Any dream about Disney must be a good dream

This week the hubs and I had the following conversation while he was asleep. Imagine him saying everything in an extremely serious voice; to his asleep brain, this was obviously a huge deal.

Hubs: Yeah.

Me: Hubs? Are you talking to me?

Hubs: Yeah, it’s just a bummer we lost the new… the new… new world.

Me: What, buddy? You lost “The New World”?

Hubs: What does that have to do with anything?

Me: Oh, I thought maybe you lost an account at work and you were bummed.

Hubs: Where did that suggestion even come from? Do you even know what you’re talking about? What does that have to do with Disney? (loud stage whisper) NOTHING. Really, that’s just a ridiculous idea. PACKAGING, that’s what’s really important.

At this point I was laughing so hard I had to bury my head under two pillows so as not to wake him up. He was so agitated about our conversation not having to do with Disney, you would have thought that I had spit in the face of the Mouse himself. My hubs, sticking up for commercialized rodents everywhere… but only in his sleep.

The Daily Grind Affects the Nightly Soliloquy

Sometimes the hubs talks in his sleep about things that take place during the day. When that happens I kind of know what he’s talking about because it had been on his awake-mind; however, his asleep-mind is apparently a little fuzzy on the details.

For example, a little bit ago he started playing a new computer game. That night I woke up because the bed was shaking. I groggily looked over to see the hubs stretching out as far as he could from the bed, clinging to it with one hand, the other hand waving wildly, reaching toward the bedroom door.

Me (still mostly asleep): What’s wrong?
Hubs (waving wildly toward the shut door): I have to shut the door.
Me: The door’s shut…
Hubs (stretching out so far I thought he might fall out of bed): No, you’re wrong… sooooooo, you’ll lose.
Me (grabbing his arm so he doesn’t fall out of bed): Ok, just go back to bed.
Hubs (looking quite upset): Now I lost the game!

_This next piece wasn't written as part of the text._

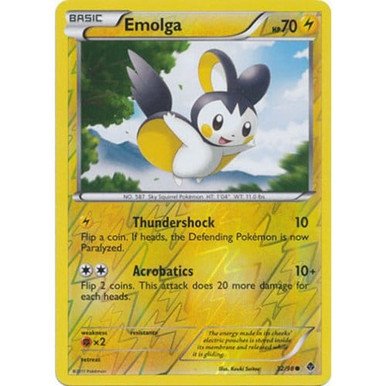 BW Emerging Powers 32/98 Emolga (Reverse Holo)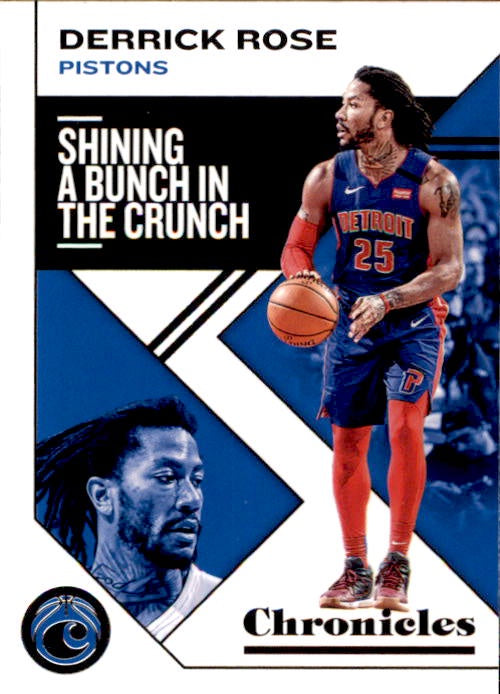 Derrick Rose, 2019-20 Panini Chronicles NBA Basketball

YOU made me lose the game!
Me: What?!?
Hubs: The Facebook game! Now I lost. I’ll NEVER win now!!!

Then he laid down quietly. It’s good to know that even in his sleep he’s incredibly competitive, so if there’s ever a sleep talking competition, he’s sure to win.

Another example of real life bleeding over into his nocturnal ramblings was when I went on a Harry Potter kick and got all of the movies from the library in rapid succession. On the last night of our movie marathon I woke up with the hubs shaking me yelling, “We have to get away from Lord Voldemort! He’s coming!”

It is slightly disconcerting that the hubs’ asleep-brain categorizes a fictional wizard as reality, but I think that’s missing the point: the hubs would protect me from the most powerful evil wizard ever. How many wives have a husband who saves them from the Dark Lord in the middle of the night? I am a very lucky woman.

A slow week

I chose to start a blog to post once a week about how much the hubs talks in his sleep – so of course he has not said anything of note in over the past seven nights. Just a few mumblings and last night he laughed for a minute, but nothing that’s worthy of the internet. Therefore, I will take this opportunity to share what in my mind is still the absolute funniest conversation the hubs and I have ever had when one of us was sleeping.

It happened some time ago, and I was sitting up in bed reading when my sweet, asleep hubs rolled over and went on the offensive:

Hubs (in an extremely aggressive, not very like him tone): You crossed the line. Even worse, you crossed my line!

Me: What?!?!?

Hubs: You’re a LEGALIST!

Me: Excuse me?

Hubs: Yeah, a legalist… I bet if they had said you couldn’t dance until you were 21, you would have done it!

Me: You had BEST be asleep!

Hubs: Yeah, you really are a legalist.

And then he rolled over and didn’t say anything else, leaving me to silently laugh at him, wondering which “line” exactly I had crossed. And just so everyone knows, I am most definitely not a legalist. And if someone had told me I couldn’t dance until I was 21 I would have totally gone all “Footloose” on them. Just don’t ask my hubs while he is sleeping, because apparently he thinks differently.